When you’re out and about, look around. At a restaurant and the host/hostess looks like they’re doing an amazing job? Offer your business card and say something like, “You do an amazing job at what you do. If you’re ever in the need of a job or a career change, call my office number.”
A good business owner is always making note of people they meet that would be a good addition to their team, even at times when the practice isn’t actively trying to fill a position.
It’s amazing how many people you’ll find just out and about that have a great work ethic and willingness to succeed at their job. Take this opportunity to float the idea out there and form a relationship.
TIP 2: Start new hires out the right way
How they are handled the first few weeks is critical for a new employee. For most businesses, employee turnover tends to happen within the first few weeks—and even for the ones who do stay, the tone is set and company culture instilled early on.
I’ve seen many times where the expectations were not clearly communicated—and the new hire isn’t thoroughly trained on the specific job functions. Then later on the doctor wonders why their employees don’t do everything he/she expects them to do. People are creatures of habit, it can be more difficult to try to put that toothpaste back in the tube after the fact.
TIP 3: Immediately orient new employees to the practice.
Being new to an office and a position can be disorienting and nerve-wracking. New place, new people, new expectations, new ways of doing things. And as a team, you should all want to make sure the new hire feels comfortable.
The faster they can get familiar with the office and their role in it, the better.

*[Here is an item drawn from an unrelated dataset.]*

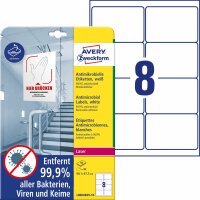 Avery Zweckform L8004REV-10 Antimikrobielle Etiketten -...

Here at MGE, we have a checklist for new employees to get through on their first couple of days. It includes general office policies, the mission statement, and an actual map of the office with all the rooms on it. Someone will tour them around the office so they can meet the team, see where everything is, and learn how the business works.
I suggest you do the same in your office.
We want your new employees to be familiar with the space and people they’ll be working with, as well as the basic expectations of them as an employee, why the business exists, and how each team member helps to accomplish that mission.
Tip 4: Don’t shortchange their training
You put a lot of time and effort into the ads, interviewing, and hiring process. Now that they’re hired, that same intense effort should be applied to your new employee’s onboarding and training.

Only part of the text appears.